8.3 Current carrying wire in an external magnetic field from Office of Academic Technologies on Vimeo.
8.3 Current carrying wire in an external magnetic field
Alright, now let’s consider the magnetic force generated by an external magnetic field on a current carrying wire through an example. In this case, let’s assume that we have a wire which has a straight part and a semi-circular part, and another straight part, something like this. Let’s assume that the radius of the semi-circular part is big R and also the length of the straight part is R and the length of this straight part is 2R.
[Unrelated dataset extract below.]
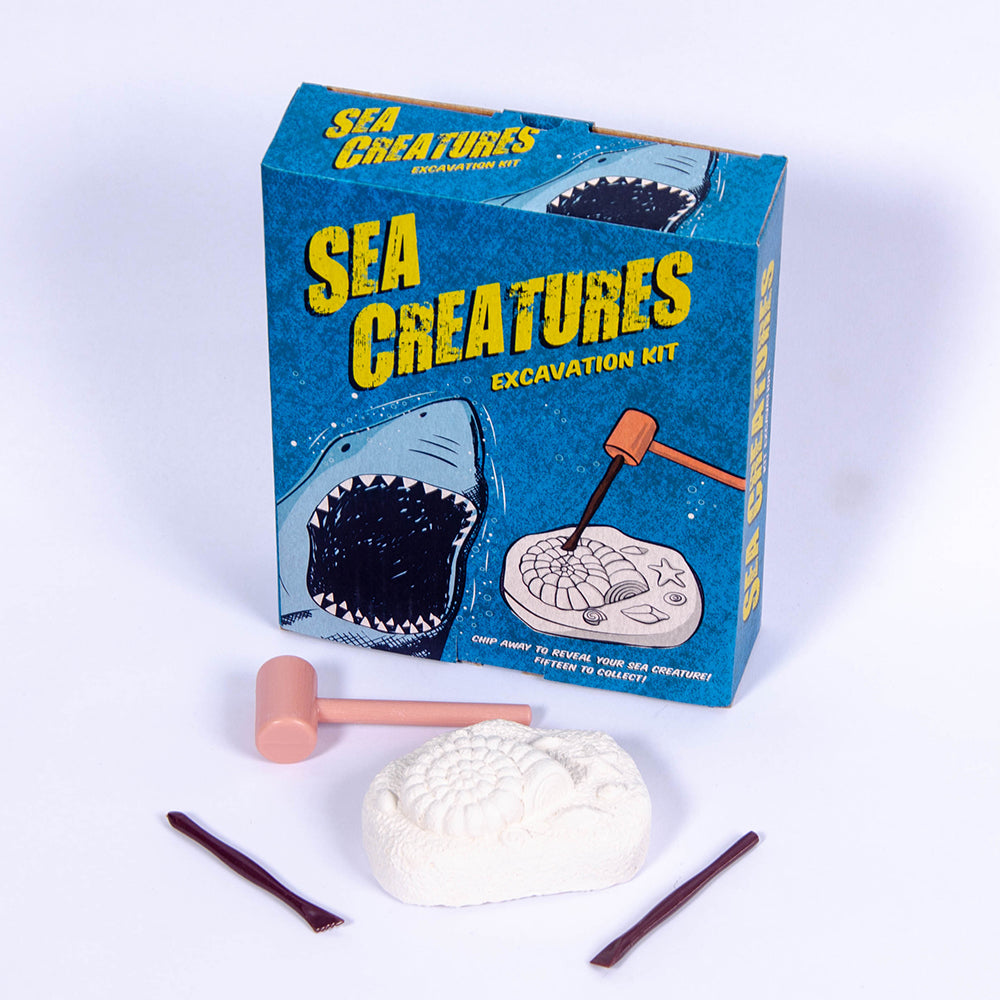Click to view product details and reviews for Sea Creatures Excavation Kit.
It is carrying a current, let’s say from left to right, i, and we place this current carrying wire inside of a magnetic field region, which is pointing out of plane. So, B is pointing out of plane, and let’s assume that it is uniform and we’d like to determine the net force that this external magnetic field generates on this current carrying wire.
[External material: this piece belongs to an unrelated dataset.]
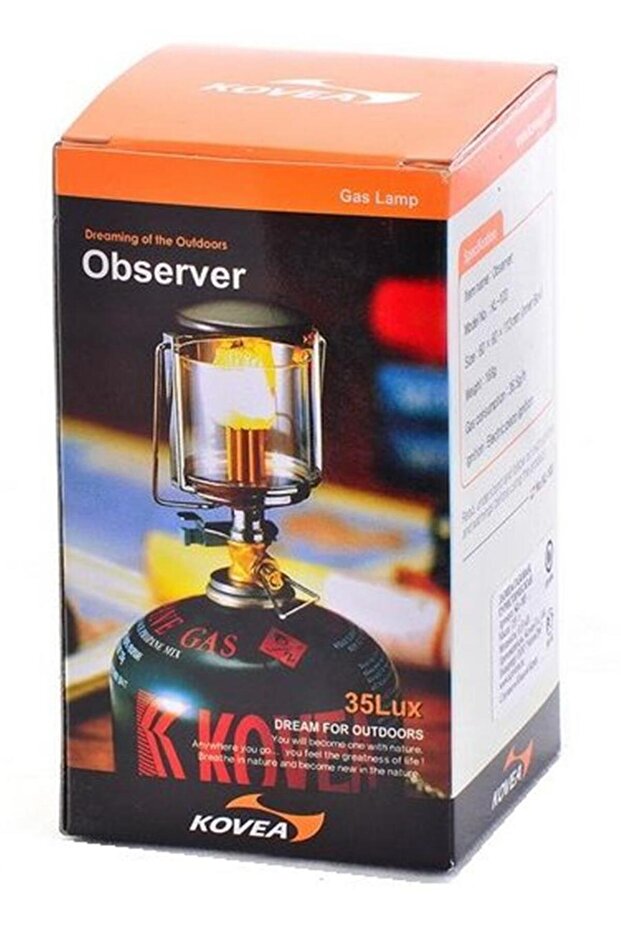 Observer Gaz Lambası - 3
Now if you recall, the magnetic force generated by an external magnetic field on an incremental segment of a current carrying wire is equal to, dF is equal to i dl cross B. So, this is the magnetic field exerted along an incremental segment of a current carrying wire. Now, we’re going to, therefore, calculate the magnetic force generated along the incremental segments of this whole wire and once we determine these incremental forces, then we will add them vectorially to be able to get the total force. Our purpose is to calculate the net force at this point, at the center of the semi-circular region.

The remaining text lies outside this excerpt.